Type 2 (send/receive simultaneously) will be necessary to use all 8 timeslots of a carrier for a mobile simultaneously. Again, additional hardware in the mobile is necessary which is not available today.
Here’s an interesting presentation from Blackberry (surprisingly!) which gives some further details on the different things to be done for Evolved EDGE: http://www.rabc.ottawa.on.ca/e/Files/ACFB7A8.ppt . Note: The presentation mentions 64QAM modulation which was not discussed in depth in the 3GPP Technical Report mentioned above as for example 32QAM did (I wasn’t aware that they were looking at 32QAM so I corrected the text above as well). I would be cautious even with 32QAM as HSDPA for example didn’t use it because designers said that in real life it would be very unlikely that 32QAM could be used often.
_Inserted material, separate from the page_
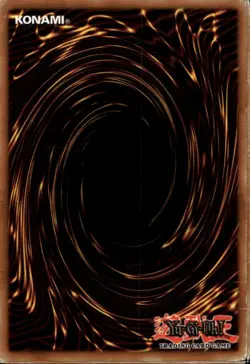 Royal Oppression Unl Ed Rare LOD-091 Yu-Gi-Oh! - Image 2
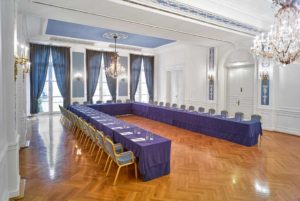 Hotel Atlantic Kempinski Hamburg HAM1__Meeting Room_Kleiner Festsaal (2).tif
The TR quoted above says: “Also, increasing the modulation order to
32QAM, or maybe even to 64QAM, will probably result in such an increase of receiver complexity that new hardware is needed in both base stations and mobile stations.” -> We are definitely not talking about a software upgrade only solution for the network here!
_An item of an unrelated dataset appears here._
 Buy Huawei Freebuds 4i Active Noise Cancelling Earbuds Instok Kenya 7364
So my main criticism remains that theoretical E-EDGE performance (tomorrow) is compared to theoretical HSDPA performance (today). Even here, top speeds are much different. But to be fair, E-EDGE should be compared to UMTS LTE (Long Term Evolution) as timelines are identical and mobile station complexity with multiple antennas, receiver chains, etc. will be similar. Here, E-EDGE doesn’t compare very well at all.
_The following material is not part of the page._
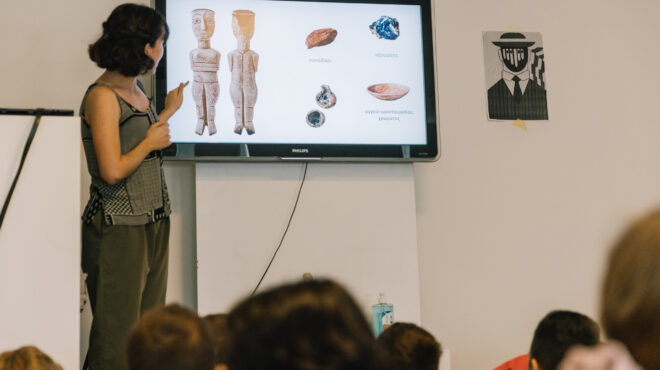 εκπαίδευση-για-όλους-στο-μουσείο-562837990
Again, thanks for your post!
Martin
Hi Martin,
In my opinion the main arguement for E-EDGE is business (again). It’s not about the technology. UMTS turns out to be too expensive to be deployed everywhere (and Qualcomm!). The return is not significant. Operators need something to fill in the blank and bridge the gap. I wouldn’t be surprised if operators take the approach of E-EDGE in suburbs and HSDPA in big cities only. They shouldn’t kill each other. LTE is too far out in the future.
You’ve sort of convinced me that E-EDGE doesn’t have obviouse technical advantage. I know the author of the presentation you quoted quite well. He’s a true beliver of EDGE. 🙂
guess i’m being a little bit disorganized here.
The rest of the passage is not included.